I think I may be looking to get one of these early 'rays. Not necessarily '63 but 63-65 would be sweet. I screwed up last week on a nice sky blue '65 with kickback in driving distance that didn't skyrocket like I anticipated on ebay.


----------



## rlhender (Mar 19, 2013)

Butch said:


> Nifty at fifty!  Looks great. Are you the original owner?





No...It has a few years on me..lol


----------



## rlhender (Mar 19, 2013)

jpromo said:


> I think I may be looking to get one of these early 'rays. Not necessarily '63 but 63-65 would be sweet. I screwed up last week on a nice sky blue '65 with kickback in driving distance that didn't skyrocket like I anticipated on ebay.




Bring some trade to ML this year, I should have a few......

Rick


----------



## koolbikes (Apr 30, 2013)

*1963 1/2 Schwinn Sting-ray Display*

1963 1/2 SCHWINN STING-RAY DISPLAY at ANN ARBOR SHOW.
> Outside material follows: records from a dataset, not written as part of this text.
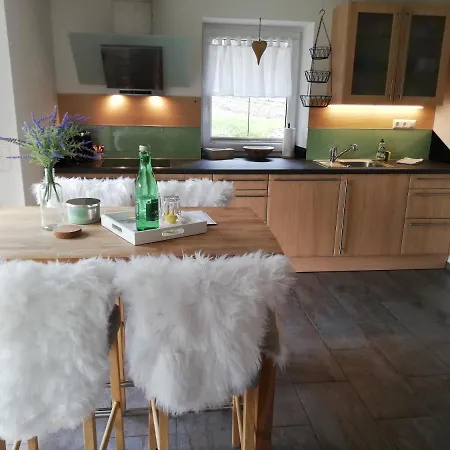 Berg & Seezeit Im Landhaus Benthen, Fuer 7 Personen, Mit Sauna Holiday home *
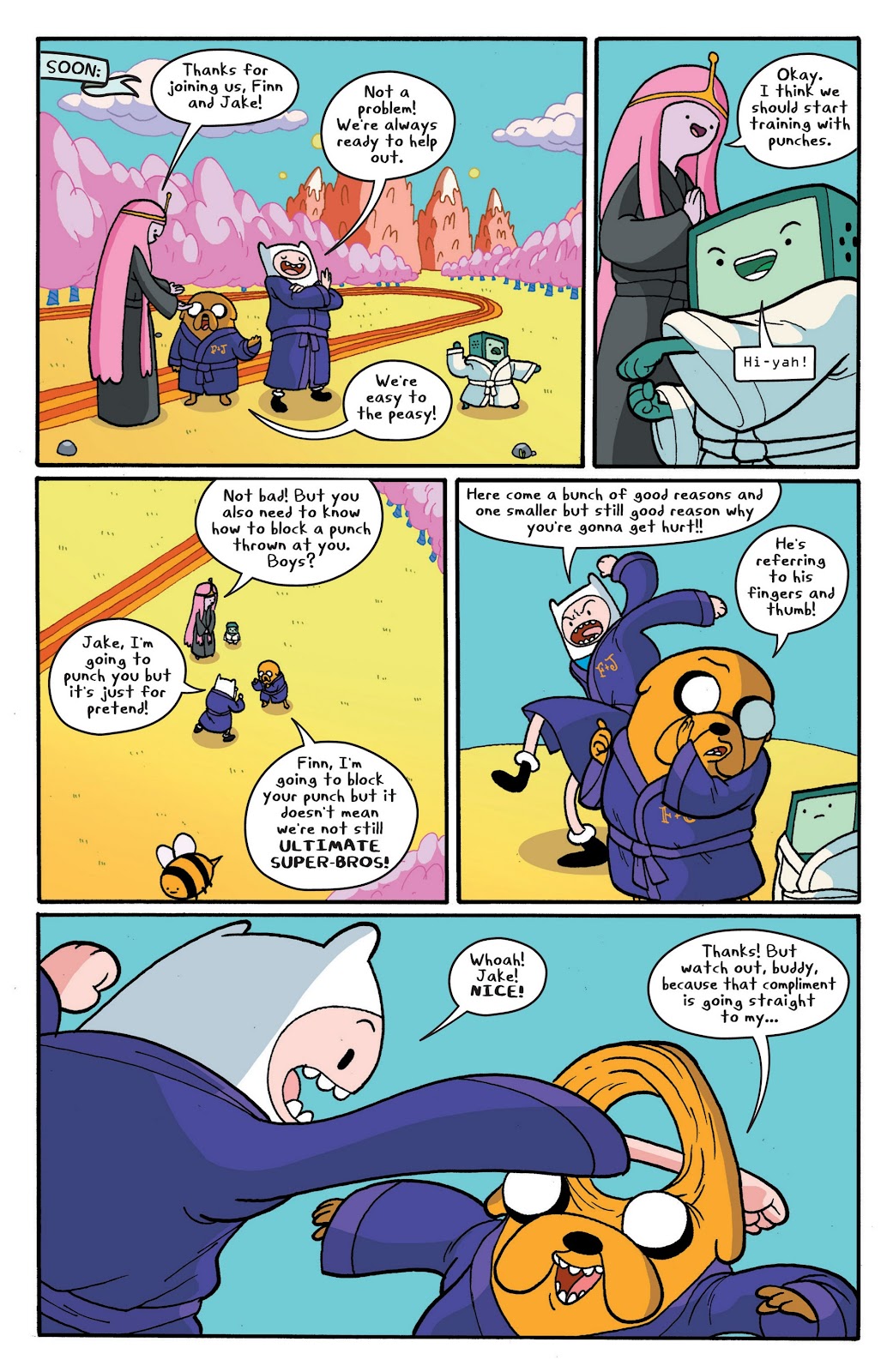 Adventure Time issue TPB 1 - Page 13
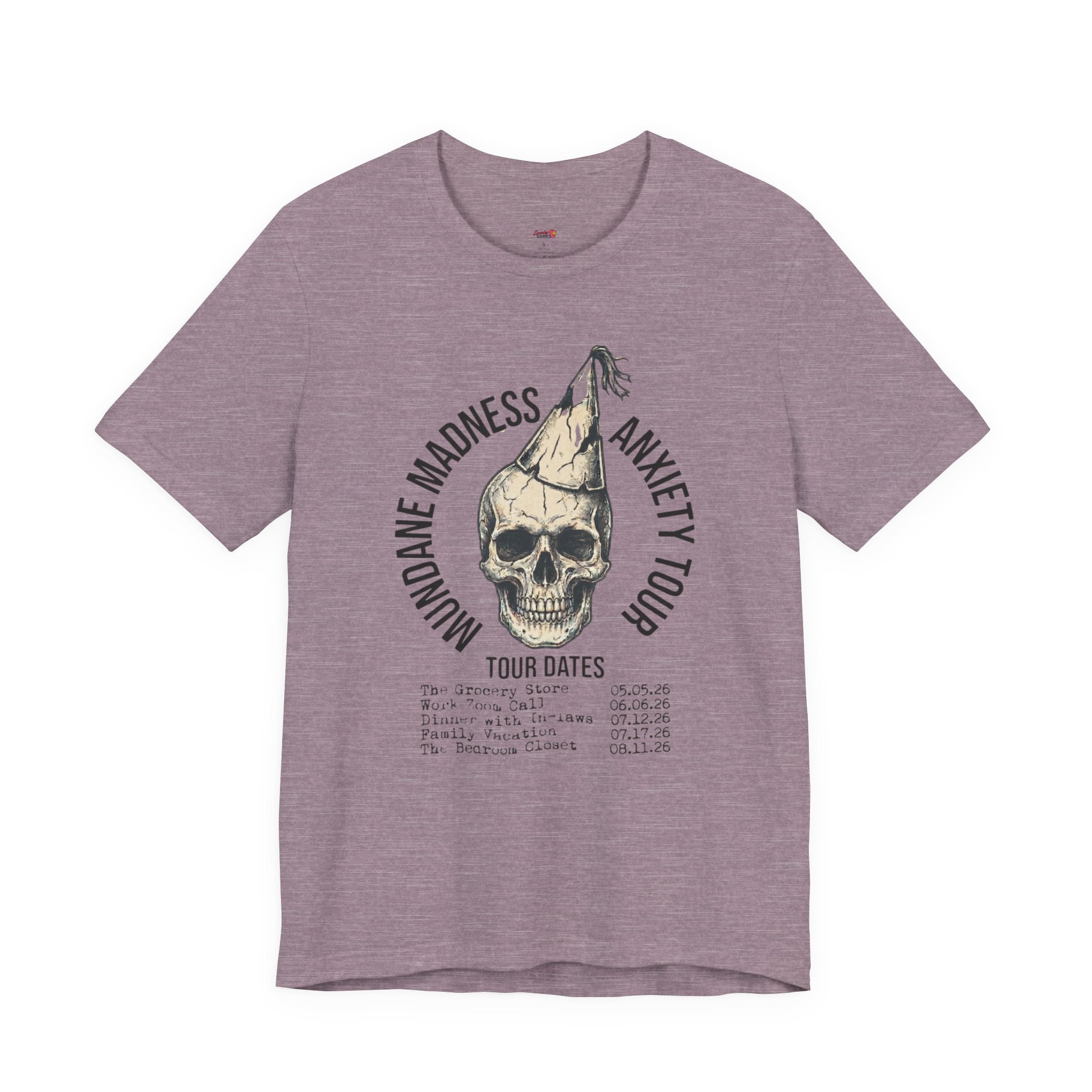 Mundane Madness Tour T-Shirt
First Lime is the Earliest Known April 1963.
Then 3 - June 1963 Red Lime & Coppertone.
Restored Coppertone with Tiger Seat June 1963
Original Signage and Schwinn Reporter Signed by Al Fritz


----------



## Stingman (May 1, 2013)

I saw your bikes at Ann Arbor and was drooling over them! The display boards and the bikes looked incredible! I took several pictures of all them! Awesome collection!


----------